Encourage good behavior with a homemade puzzle

Another hack-tastic reward system! The beauty of this system is that the reward itself acts as a reminder about the desired behavior. From Sarah:

My 7 year-old son can be particularly stubborn and no matter how much we beg, plead, or reason with him, he stands his ground. Sometimes I resort to bribery.

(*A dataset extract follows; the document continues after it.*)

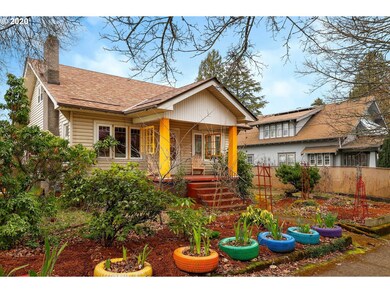 7535 N Fenwick Ave, Portland, OR 97217 - photo 3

He likes puzzles so I came up with puzzles to help him do certain things.  It started the summer before Kindergarten — he already knew how to tie his shoes, but claimed that he “forgot” how over the summer since he wore sandals all summer.  So I found a pair of running shoes that he wanted online (I used Zappos.com) and printed out two full-sized  pictures.  One was in color and the other black and white.  I then decided that I wanted him to tie his shoes for two weeks on his own before I would buy him the shoes he wanted so I cut the colored picture into the appropriate number of “puzzle” pieces.  Then every time he tied his shoes on his own he earned one piece that he could tape onto the black and white picture in the correct spot.  When the puzzle was complete we ordered him his shoes.

The puzzle also worked in getting rid of a nasty nose rubbing habit that was making his face raw (I made a giant nose puzzle and he earned a Star Wars DVD).  Next we are thinking of a finger puzzle to see if we can tackle nail-biting.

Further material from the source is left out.